Burr Medic shares a symbiotic relationship with Ensifer medicae, a bacterium species that can fix nitrogen in the soil.
67. African Lily
Botanical Name: Agapanthus praecox
Height: Up to 1 metre
Notes: Reviews are mixed about the African Lily, as it’s considered a popular garden plant and invasive. This plant is known for the flamboyant rounded clusters of violet-blue blooms. Each umbel possesses up to 100 individual blossoms.
68. Common Chicory
Botanical Name: Cichorium intybus
Height: Up to 10 cm
Notes: This perennial plant’s flowers sport a similar appearance to the Cornflower. You can find this plant growing in arable land and grassy meadows.
The plant has many culinary uses, with the leaves, roots, and blanched buds used as a food additive and substitute for coffee.
69. Yellow Woodsorrel
Botanical Name: Oxalis stricta
Height: Up to 20 cm
Notes: This plant grows in woodlands, meadows, and disturbed areas but is a common weed of gardens and lawns. It’s also called “Lemon Clover” as it possesses clover-shaped leaves. Boiling the plant releases a natural orange dye.
70. Orchardgrass
Botanical Name: Dactylis glomerata
Height: Up to 1.5 metres
Notes: Orchardgrass is known for its thick tufting growth and triangular flowerheads that change colour throughout the year. It grows on roadsides and in meadows.
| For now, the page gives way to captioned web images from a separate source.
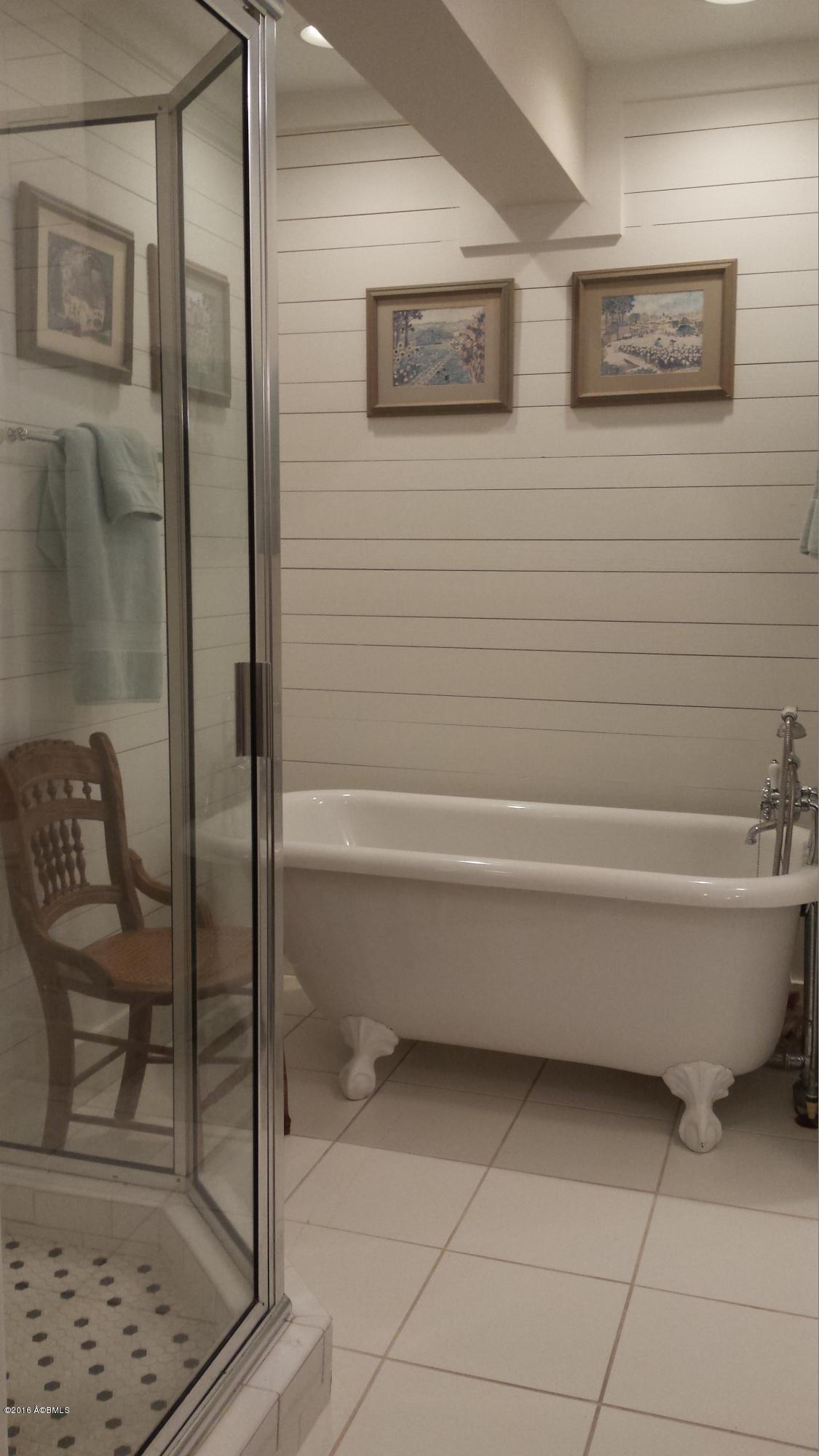 4040 Shell Point Road Beaufort, SC 29906 - Photo 25 of 35 164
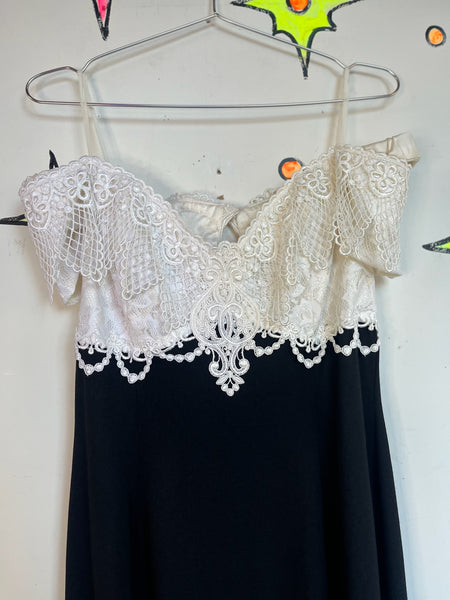 Vintage 90s Black & White Lace Dress – Victorian Formal – Scott McClintock – M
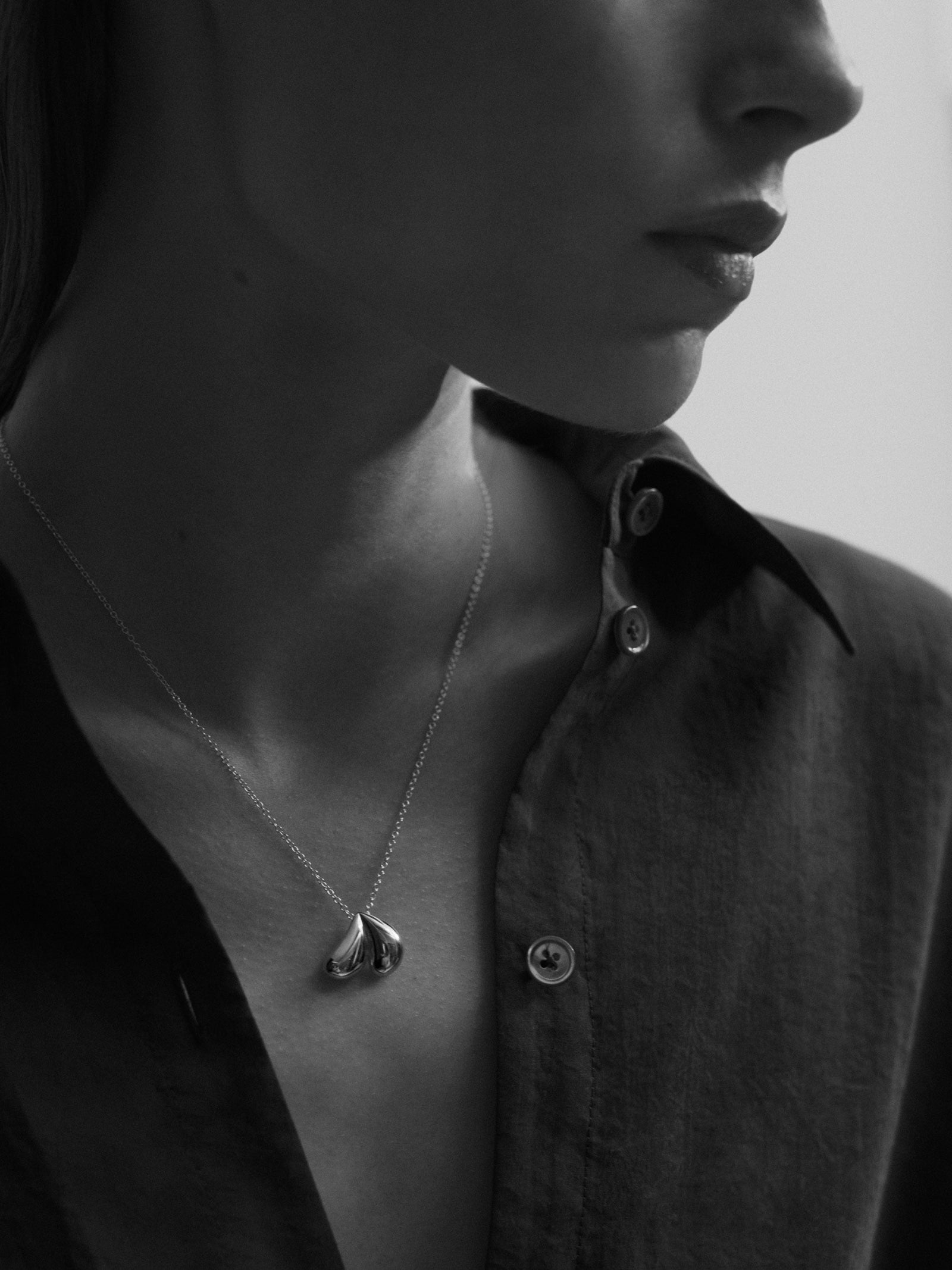 .925 Sterling Silver Lilla Necklace on Model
It’s also commonly called “Cat Grass” because it’s frequently chewed on by domestic furry felines.
Summary
Even weeds can be interesting, right? We spend so much time stressing over these invasive plants, we forget they have an interesting backstory. It doesn’t make them any less frustrating, though!
This article can’t fix your weed problem, but at least now you know what weeds are taking over your garden!